The Historic Places Trust has made a submission (one of more than 500 at time of writing, mostly against the proposal)
to council to, “Decline the proposed plan change, as currently proposed”.
Trust objections to the plan change state that there is a lack of proper assessment of the impact the proposed Chelsea Mixed Use Overlay would have on the heritage significance of the Chelsea Sugar Refinery. The Trust fears that the plan change will result in some of the significant values of the refinery being lost through the development that would be required to facilitate the desired mixed use. Trust Heritage Advisor Planning Megan Patrick points out that being registered as an historic place doesn’t offer protection to heritage values, as such. Protection is achieved through such tools as provisions within a district plan. That is why this plan change is so important.
Ellis says the proposed plan change is widely misunderstood, and that current regulations protect the registered heritage areas in question. The sale to the council of the proposed public space is dependent on the approval of the change to the district plan going through. “We don’t need to sell. We were approached by the Chelsea Park Trust… $20 million for 37 hectares – why bother for all this grief ?” he asks.
He adds that the company is proud of its history of protecting its heritage and surrounding environment, and has no intention of jeopardising that heritage. “The only reason these buildings are still standing and protected is because we are still using them and have maintained them. We have spent a lot of money refurbishing the workers’ cottages and the manager’s house, planting the land and allowing public access, donating our archives to the library, recording our history as we go along.”
The Trust says it wants to see an ongoing future for the site, ideally with the continuation of the current refinery use.

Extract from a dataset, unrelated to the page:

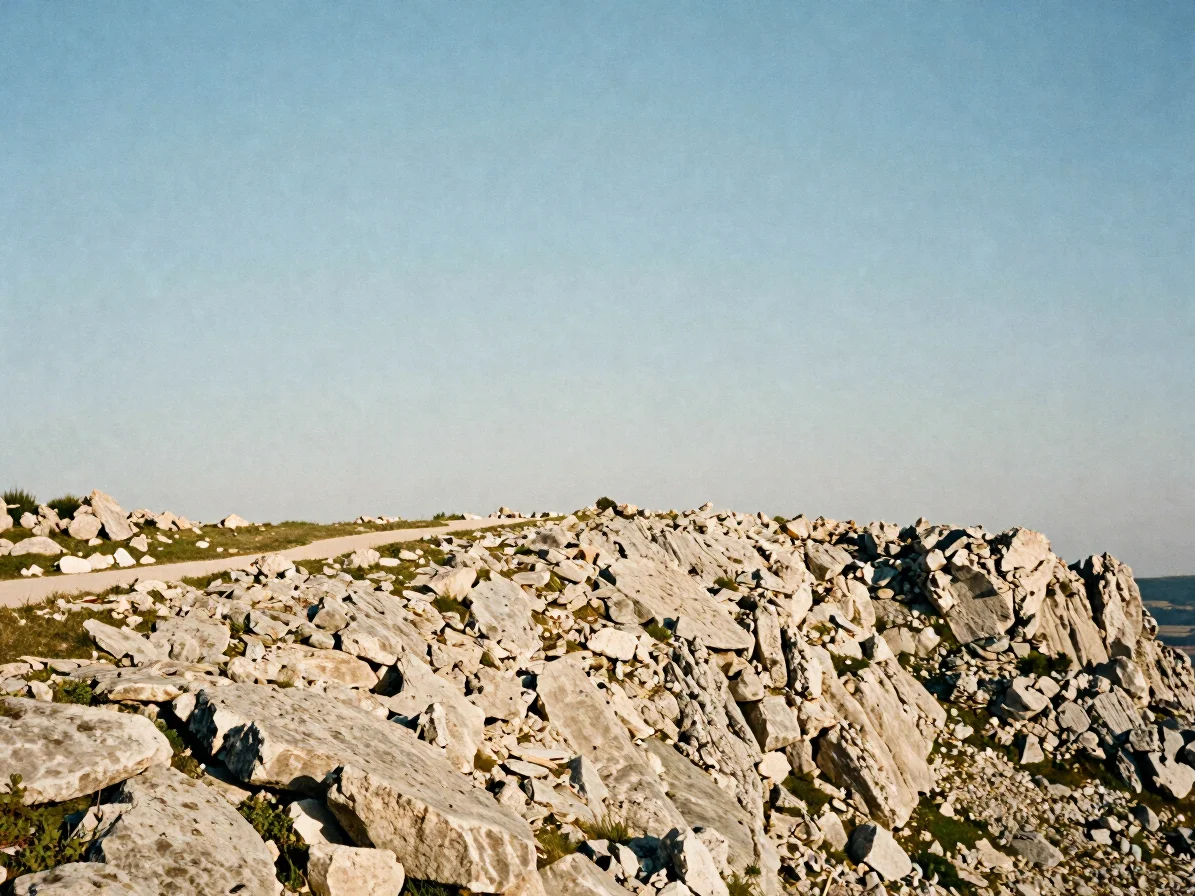 Landscape photograph of a limestone ridge line under clear sky, a narrow footpath running along the crest, soft morning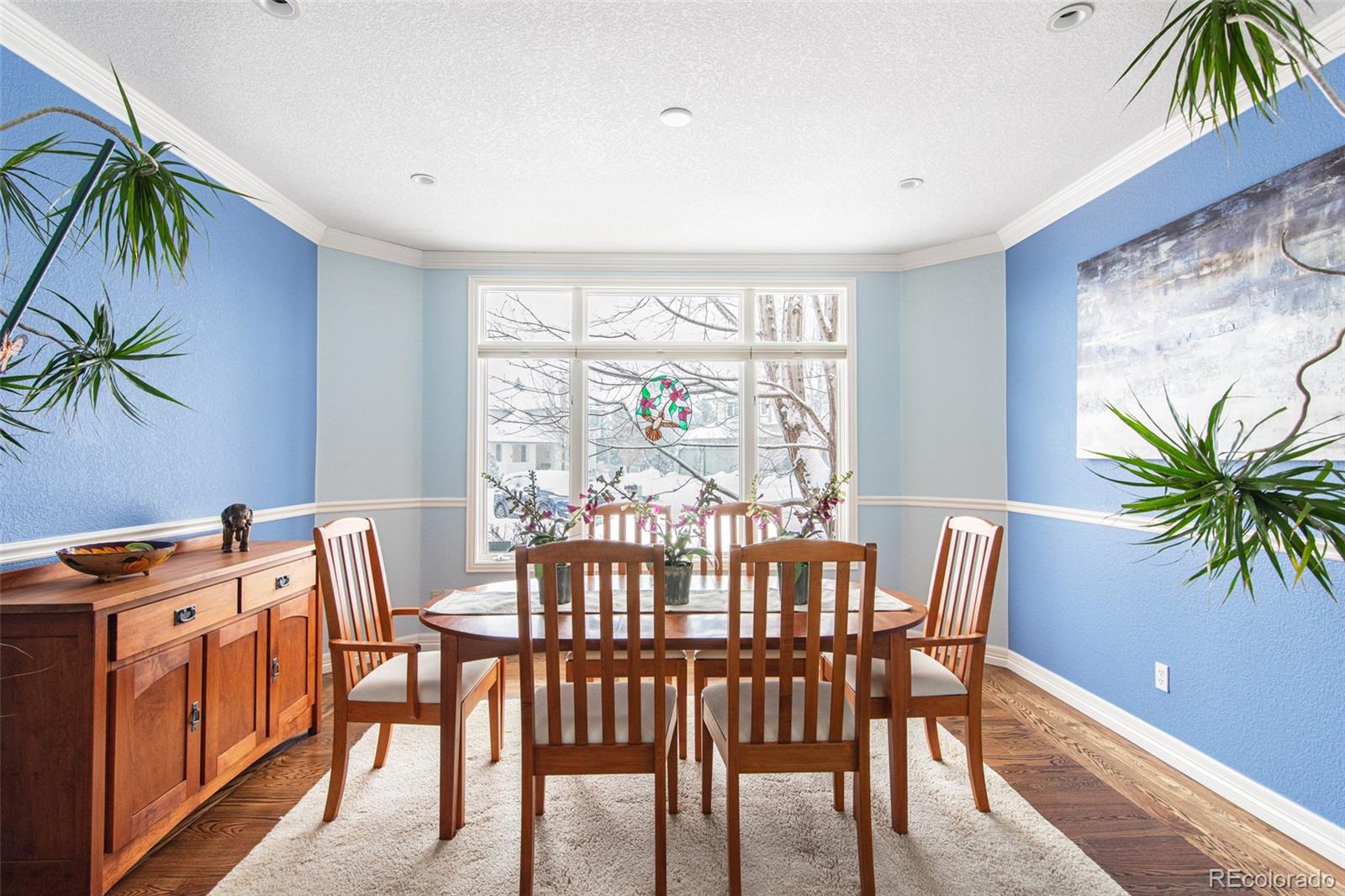 535 Sawtooth Point Lafayette, CO 80026 - Photo 15 of 40 a view of a dining room with furniture window and flowerpot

However, if this use is to cease, there is a need to ensure future use is undertaken in such a way as to protect the heritage significance of the site. Trust Heritage Advisor Architecture Robin Byron adds that maintaining heritage values has a lot to do with the identification of an adaptive re-use that is compatible with the form, character and qualities of the existing buildings. The Trust recognises that certain compromises may be necessary to ensure the future of any heritage building. However, whether this particular site continues as a refinery or changes to another use, there is also a clear need to ensure that any modifications do not put the site in jeopardy.